The Link Between Thirst and Cravings
You might be surprised to know that dehydration could be mistaken for hunger or a desire to eat. The sensations are closely related! However, how do you know whether you’re truly hungry or your body is simply asking for water? Here some signs you can keep an eye out for.
Signs of hunger:
- Empty stomach feeling
- Stomach growls, rumbles, gurgles
- Light-headedness, dizziness, faint feelings
Signs of thirst:
- Sluggish feeling
- Dry eyes
- Food cravings
If you a sense a craving coming, try to drink some water before reaching for the nearest snack. The craving will almost immediately disappear. Alternately, try waiting 10-15 minutes. If you notice your stomach growing, then you must be truly hungry.
Stay hydrated throughout the day. Instead of waiting until you’re thirsty to finally take a sip of water, keep a bottle of water nearby and sip on it consistently. If you’re thirsty, it actually means that your body is at or near dehydration. If you struggle with drinking water, check out some refreshing ways to drink water!

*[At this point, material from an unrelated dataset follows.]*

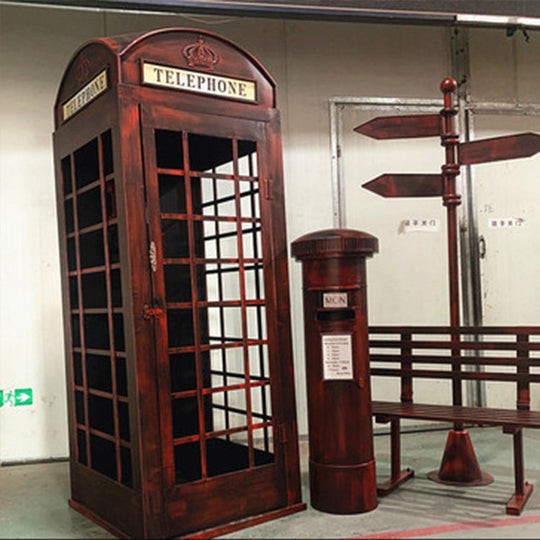 London Telephone Booth+2M Sign+1.2M Mailbox+1M Bench+0.5M Telephone - Rose Red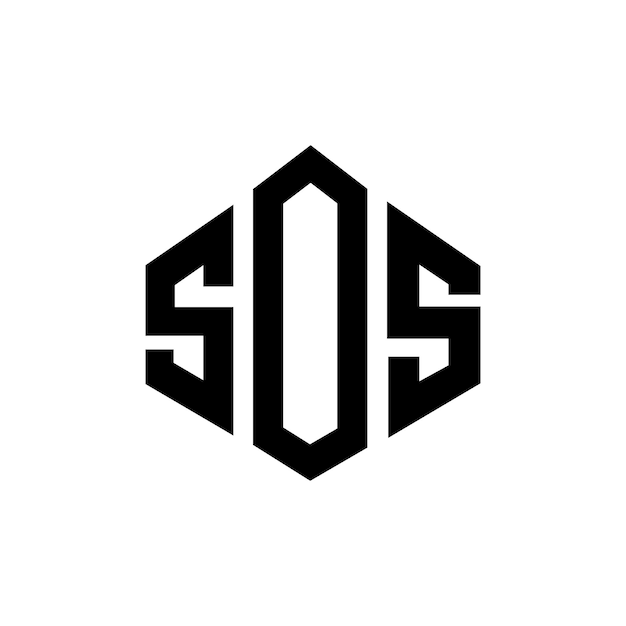 Diseño de logotipo de letra SOS con forma de polígono SOS diseño de logotipo en forma de póligono y cubo SOS hexágono patrón de logotipo vectorial colores blanco y negro SOS monograma logotipo de negocios y bienes raíces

Another good way to monitor your daily water intake is to use a large water bottle to help measure the amount of cups you are drinking, and help you set goals on how much more you need.
Food is a common topic that makes its way in conversations. It is closely associated with memories, associations with others, family and cultural traditions, and yes, your emotions. Sometimes your cravings may not only be due to stress, but a craving for something linked to pleasant memories with people, places, and things. Food brings people together. Events are complete when it involves food.
If there is a stimulant or trigger that causes you to indulge, try to disassociate the image or memory that triggers you to eat unhealthy foods and sweets. Overtime, your cravings can and will subside.